I am a bit stuck, and I was wondering if someone experienced with tree-sitter could help.

Please consider the following:

<div>
    {{hello world}}
</div>

Here is the tree-sitter parse for the code above, based on the grammar I wrote:

(blade [0, 0] - [3, 0]
  (html_element [0, 0] - [2, 6]
    (html_start_tag [0, 0] - [0, 5])
    (php_statement [1, 4] - [1, 19]
      (text [1, 6] - [1, 17]))
    (html_end_tag [2, 0] - [2, 6])))

this is my injection.scm

(blade
    [
        (text)
        (html_element)
    ] @injection.content
    (#set! injection.combined)
    (#set! injection.language html))


(php_statement
    (text) @injection.content
    (#set! injection.combined)
    (#set! injection.language php))

The problem I am facing is, that the html_element have recursively more html_element subtree nodes as well as the php_statement nodes as shown in the above example. It in fact has the whole language definitions using the repeat(_definition)

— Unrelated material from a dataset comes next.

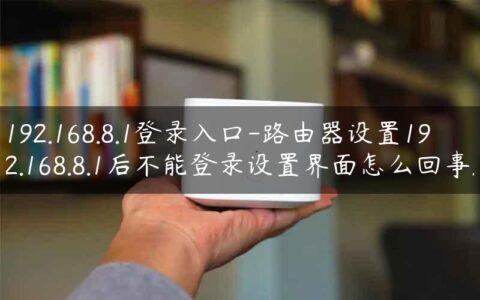 192.168.8.1登录入口-路由器设置192.168.8.1后不能登录设置界面怎么回事.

the @injection.content capture, sets the node and its subtree as the injection region, as a result the {{hello world}} is parsed as html, even though the tree-sitter parse cli picks it up as the correct php_statement

Is there a way to exclude a node from the subtree when using the @injection.content? basically saying, "hey do not include php_statement or some other nodes, but consider all the other subtree nodes as html?

I initially tried to create a text node using a regex (like the tree-sitter-php), and setting them as html injection region, but the problem is because I can not use lookahead and lookbehind, I am unable to use such tactics. They conflict with blade components like <x-component/> because they also include <.

Thanks!

the3emran · June 13, 2023, 6:59pm

I Managed to fix my problem using lexical precedence. It was a mission to get it working though

So if anyone else is stuck writing the grammar, you are better off creating a childless universal general text node. However it is easier said than done as I am pretty sure your grammar will end up conflicting with your important language tokens. so you really need to have your precedences bang on.

I will post the repo link once the grammar is public on github as I am sure it will be very helpful for current and future frameworks where super unconventional, token conflicting, injection points exists.